The Large Hadron Collider (LHC) is also a big hadron discoverer. The atom smasher near Geneva, Switzerland, is most famous for demonstrating the existence of the Higgs boson in 2012, a discovery that slotted into place the final keystone of the current classification of elementary particles. But the LHC has also netted dozens of the non-elementary particles called hadrons—those that, like protons and neutrons, are made of quarks.
The latest hadron made its debut at the virtual meeting of the European Physical Society on 29 July, when particle physicist Ivan Polyakov at Syracuse University in New York unveiled a previously unknown exotic hadron made of four quarks. This brought the LHC’s hadron bounty up to 62 according to a tally kept by Patrick Koppenburg, a particle physicist with Nikhef, the Dutch National Institute for Subatomic Physics in Amsterdam. “These are all world firsts,” says Koppenburg, who is based at CERN, the European particle-physics laboratory that hosts the LHC.
The established pantheon of particles, called the standard model, describes the basic building blocks of matter and the fundamental forces that act on them. It includes six flavours of quark, their six antimatter counterparts and several other elementary particles, including electrons and photons. The standard model also includes rules for how quarks form composite particles called hadrons. The quarks are held together by the strong nuclear force, one of the four fundamental forces. The two most common quarks in nature are called ‘up’ and ‘down’; their possible combinations include neutrons (one up and two downs) and protons (two ups and one down).
Protons are the only hadrons known to be stable in isolation—neutrons are stable only when they are incorporated into atomic nuclei. All other hadrons form only fleetingly, from the collision of other particles, and decay in a fraction of a second. So the LHC creates new kinds of hadron by causing high-energy, head-on collisions between protons.
Most of the LHC’s new hadron types have been spotted by LHCb, one of the four giant detectors in the 27-kilometre circular tunnel that holds the LHC, and the particle announced by Polyakov was no exception. Sifting through data on the debris from proton collisions, Polyakov and his collaborator Vanya Belyaev at the Institute for Theoretical and Experimental Physics in Moscow found the expected signature of a ‘tetraquark’—a four-quark hadron—called Tcc+.
Tetraquarks are extremely unusual: most known hadrons are made of either two or three quarks.
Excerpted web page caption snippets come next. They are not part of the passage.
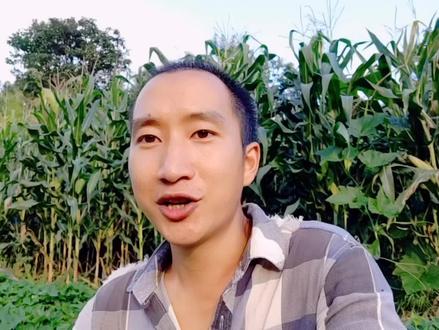 阿斌智斗野猪,鞭炮加蚊香,制作驱猪神器,看看效果如何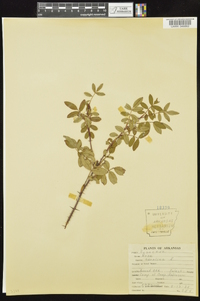 Rosa carolina subsp. subserrulata image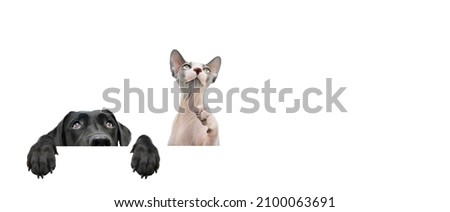 Banner pets hide black labrador dog and sphynx cat looking up giving you whale eye hanging over a blank sign with room for text. Isolated on white background. 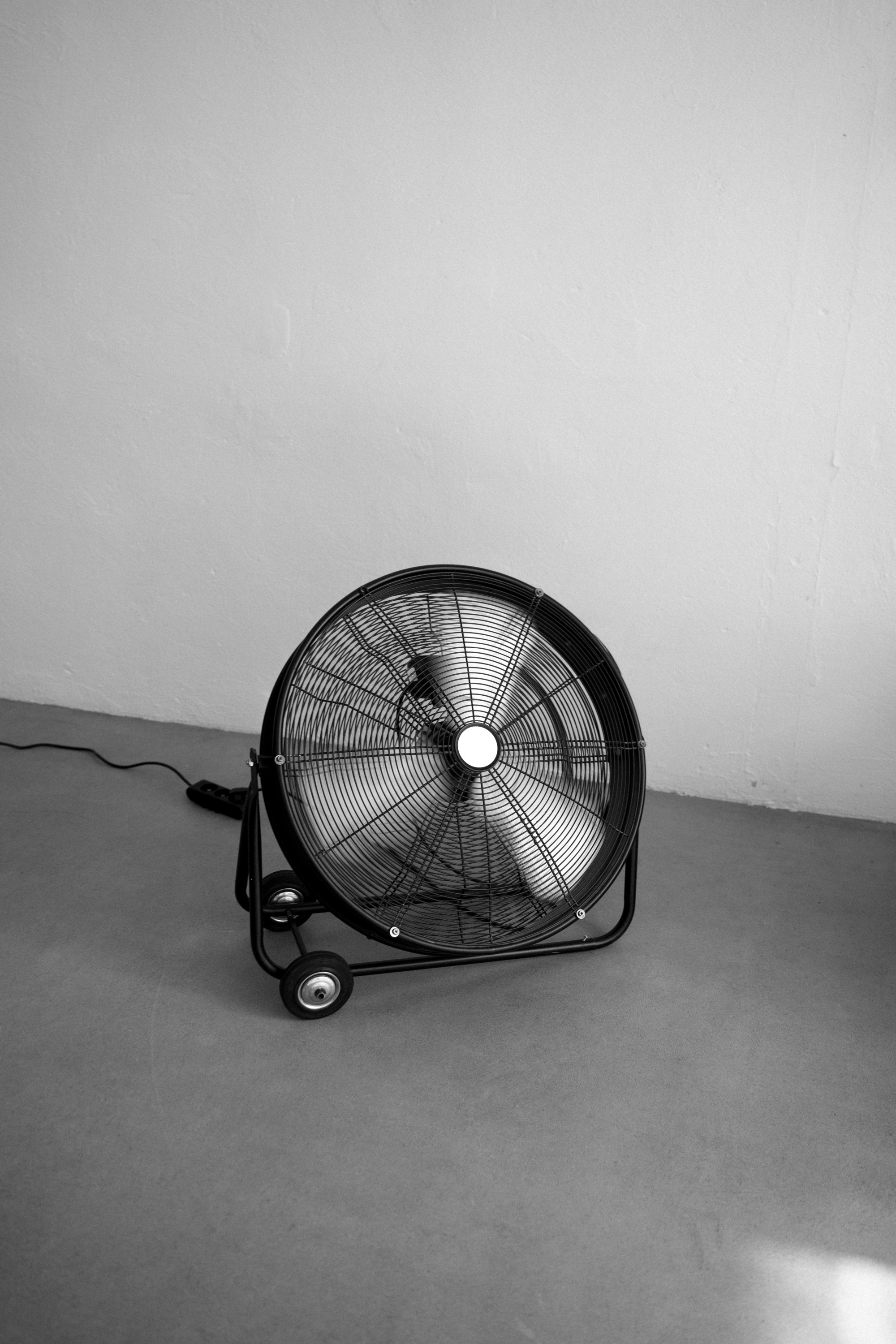 Olya. Anastasiia Maximovа, film & digital photographer. Barcelona, Spain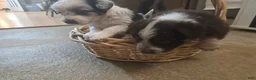 Miniature Australian Shepherd dogs for sale: Miniature Australian Shepherd 3 - Ad 2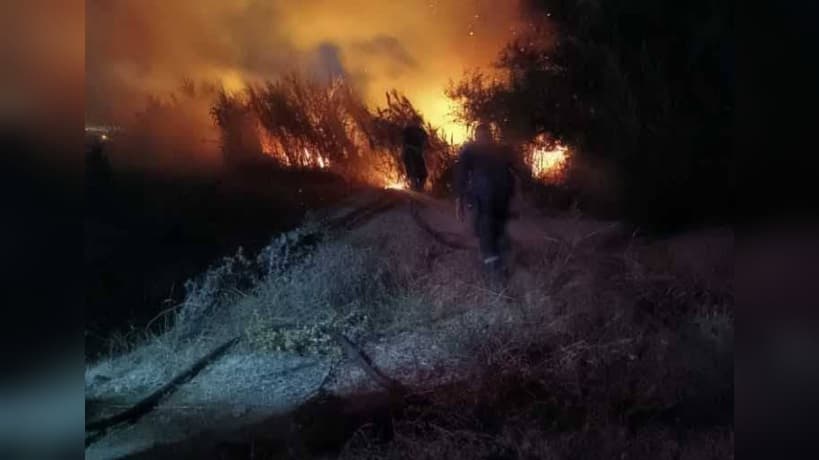 Fire damages extensive reeds in Bizerte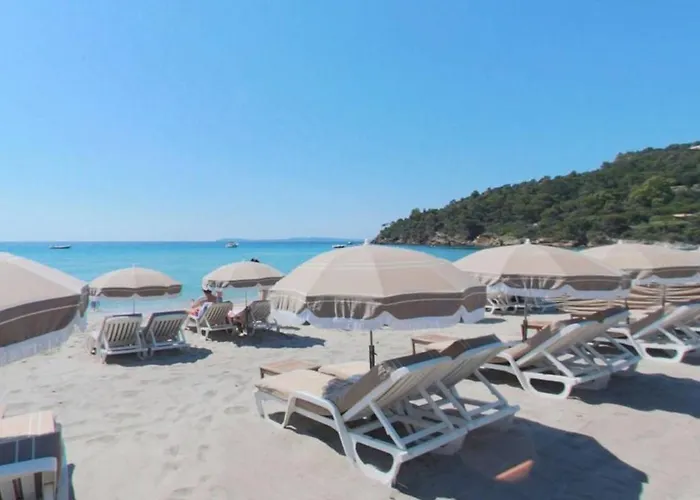 Spacieux Appt 3 Pieces Avec Terrasse Et Parking Au Lavandou - Fr-1-251-331 Апартаменты Ле-Лаванду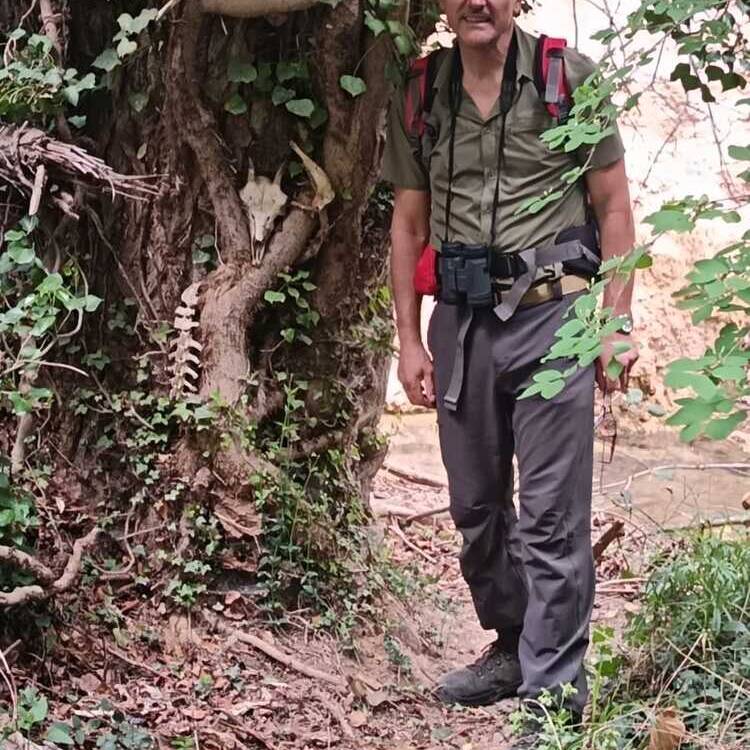 Foto de perfil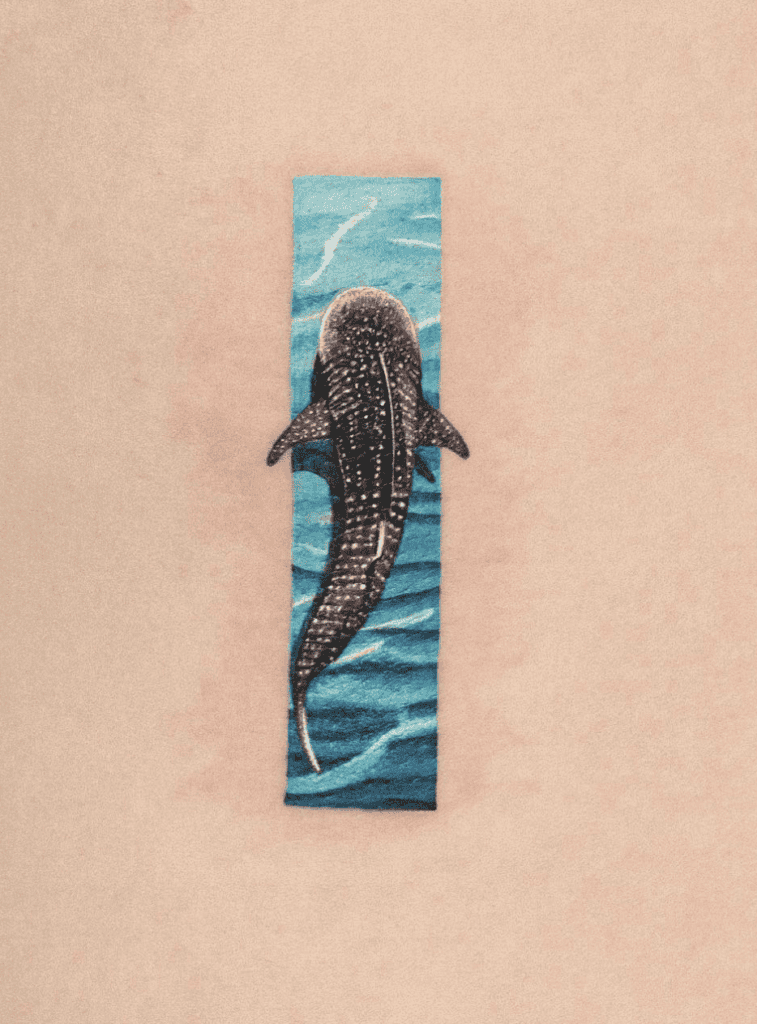 Whale Shark Frame Tattoo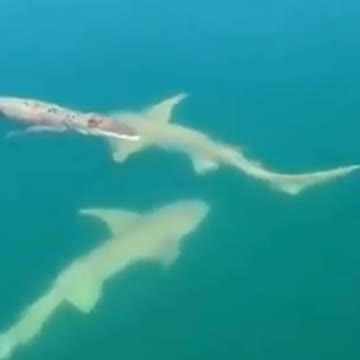 Alligator swimming with sharks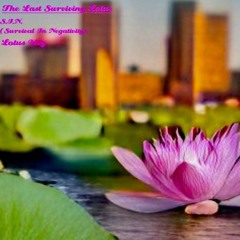 The Last Surviving Lotus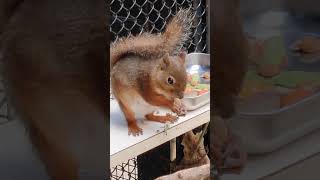 若夏🌞⑤ニホンリス・日本栗鼠★水ぐびぐび・Japanese_squirrel・・・沖縄こどもの国・Okinawa Zoo \u0026 Museum(20210513)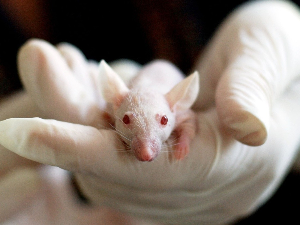 Ембриони мишева први пут успешно узгојени у свемиру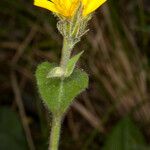Hieracium amplexicaule Λουλούδι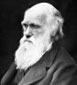 Darwin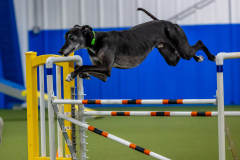 2023-June-AADTC-Trial-297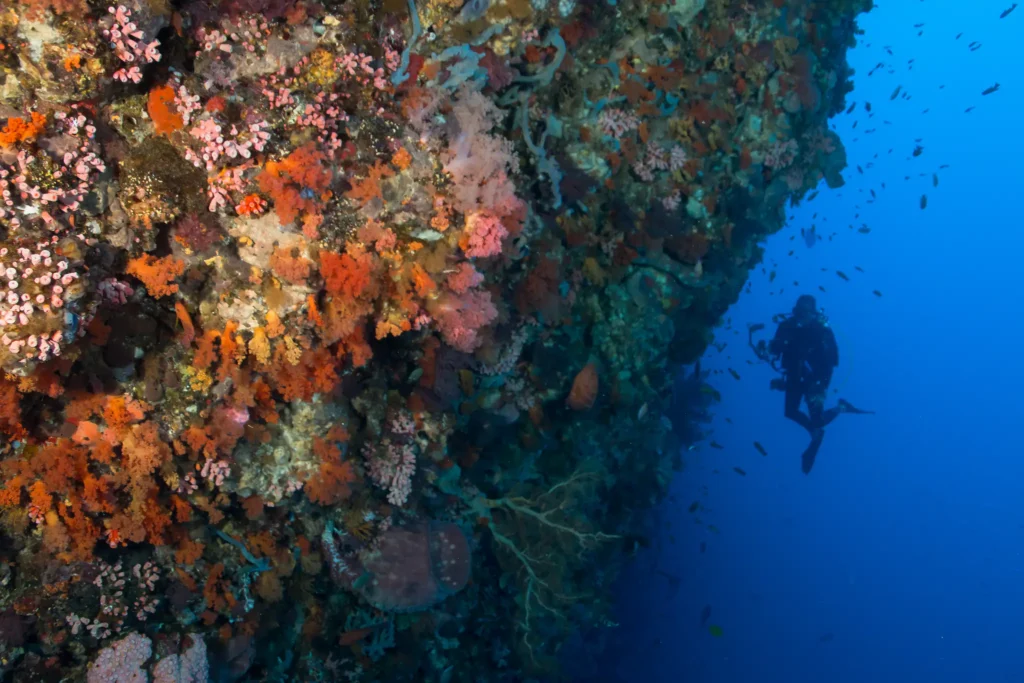 Banda Sea diving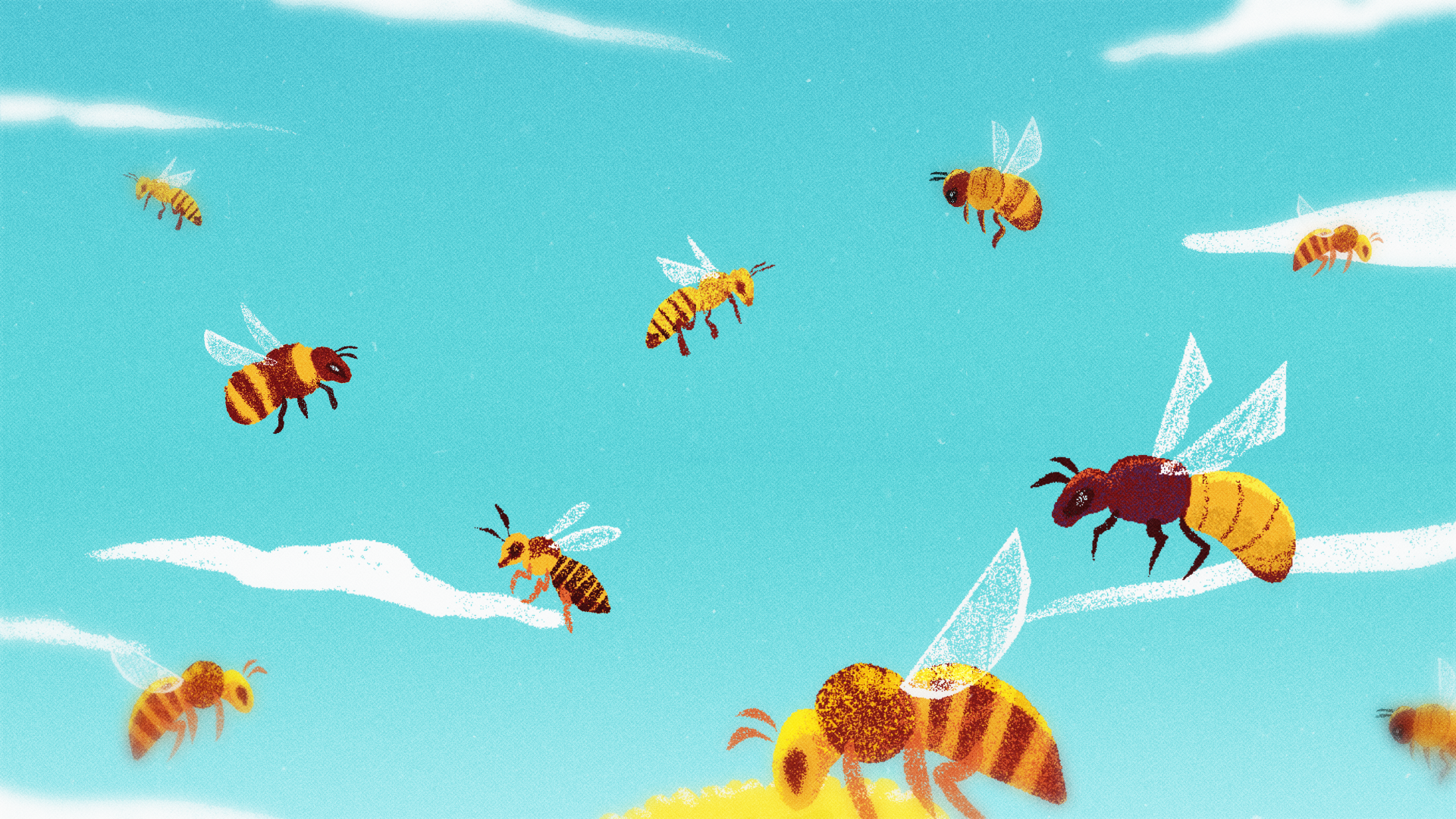 Mongabay_concept_B3.png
The first tetraquark was spotted at the High Energy Accelerator Research Organization (KEK) in Tsukuba, Japan, in 2003, and LHCb has seen several more. But the new one is an oddity. Previous tetraquarks were likely to be pairs of ordinary quark doublets attached to each other like atoms in a molecule, but theoretical physicist Marek Karliner thinks that the latest one could be a genuine, tightly bound quadruplet. “It is a big deal. It’s a new animal, not a hadronic molecule. It’s the first of its kind,” says Karliner, who is at Tel Aviv University in Israel and helped to predict the existence of a particle with the same properties as Tcc+ in 2017.
In nature, tetraquarks probably existed only during the first instants of the Universe, when all matter was compressed in an extremely tight space, says Belyaev. But creating them anew helps physicists to test their theories about how particles interact through the strong nuclear force.
The data revealed the new particle’s properties so precisely that Belyaev was stunned. “My first reaction was: it’s my mistake,” he says. For example, the particle’s mass, which is around 4 times that of a proton, was nailed with a margin of error nearly 3,000 times better than in the discovery of the Higgs boson. Belyaev adds that Tcc+ could have been discovered in data from the early years of the LHC, but he and his LHCb colleagues didn’t find it until now because they had a long list of other particles to look for.
The search for new hadrons will go on. Dozens of combinations of quarks can give rise to hadrons. Karliner says that there are 50 possible 2-quark hadrons, all but one of which have been observed, and 75 possible quark triplets (and as many triplets of antiquarks), of which nearly 50 have been seen. “We are certain all the others exist, but they are difficult to make,” Karliner says.
Moreover, for each combination of quarks, there is an almost limitless number of possible heavier ‘excited states’—distinguished, for example, by how fast they spin—and each is classified as a separate particle. Many have been found experimentally, and in fact the majority of particles in Koppenburg’s catalogue are excited states. “Who knows how many other states are there just hidden in plain sight, sitting in the data on a laptop,” says Koppenburg, who, like Polyakov and Belyaev, is a member of the LHCb collaboration.
But he also wonders whether all these discoveries should be treated as discrete particles. “I tend to be increasingly convinced that we need a better definition of what a particle is,” he says.